“I know my aunties felt sad, they saw the Queen as a mother, a grandmother and a great-grandmother,” McCarthy said.
“I know my brothers felt differently, I know my uncles felt differently, as they reflected too on what the monarchy has meant and what the colonialism has meant.”
She said the Queen was not directly responsible for the frontier wars in colonial Australia, but Indigenous Australians held “mixed feelings and emotions” as a result of the Commonwealth’s oversight.
West Australian Greens senator and Yamatji-Noongar woman, Dorinda Cox, said the sorry business of First Nations people did not end with the parliamentary condolence speeches for the Queen.
“The irony comes from so-called progressives in this country who are silencing the voices, their disapproval for anyone who is brave enough to speak up since the Queen died a fortnight ago,” she said.
“We are a mature nation capable of conversations that both commemorate the life of a public figure while calling out the problematic legacy of the British Empire.”

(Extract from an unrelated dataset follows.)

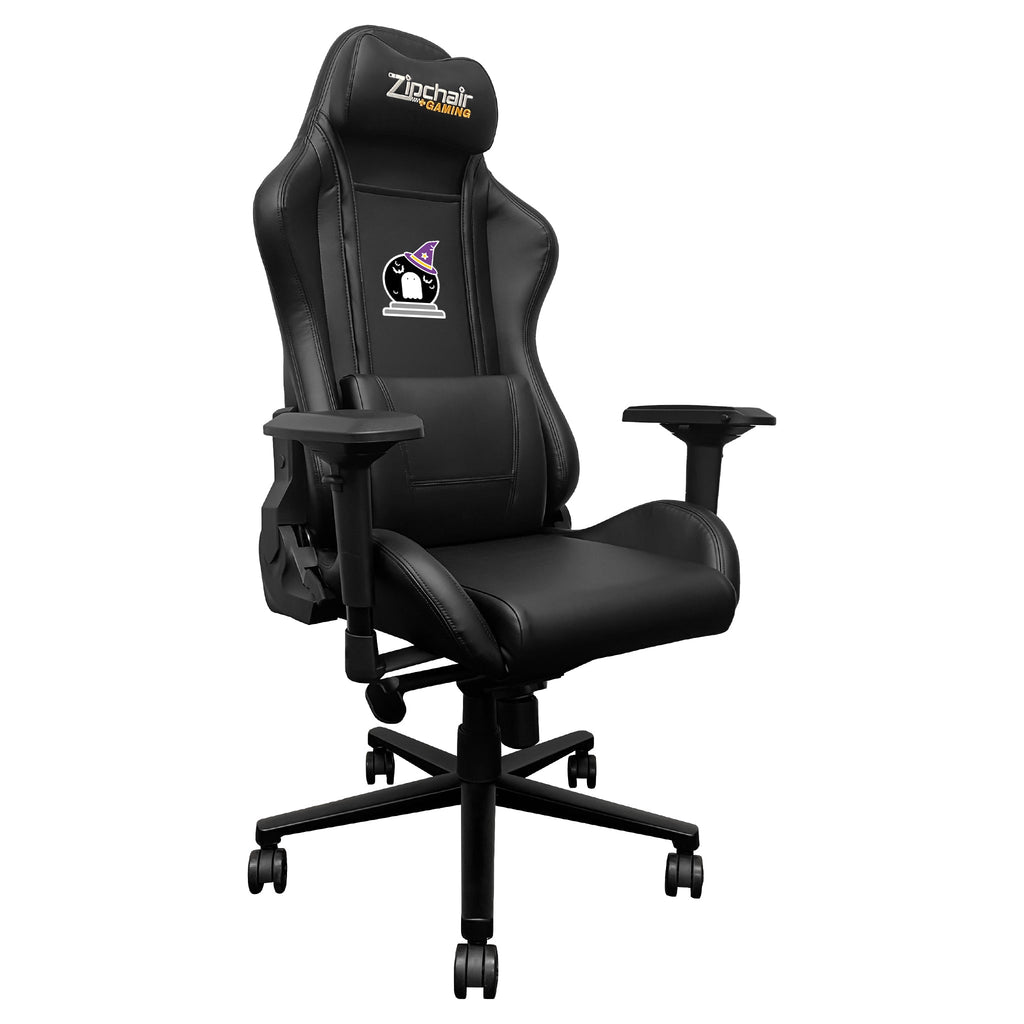 Xpression Pro Gaming Chair with Batty Ghostly Goblin Halloween Logo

NSW Labor senator Tony Sheldon said much of the grief of Indigenous Australians had been overshadowed by the mourning period, singling out late performer Jack Charles, who died on September 13.
“I can appreciate and empathise with First Nations people, who may have rightly experienced very different emotions,” Sheldon said.
The Leader of the House of Representatives, Tony Burke, delivered a short speech in which he spoke of his two great aunts who raised his father in an Irish Catholic household, and “who had all sorts of views about the United Kingdom … but were so proud of the photographs they had from when Her Majesty visited Sydney, and always had on display their best fine-bone China teacup, which was always known as the cup for the Queen, in case she ever popped around.”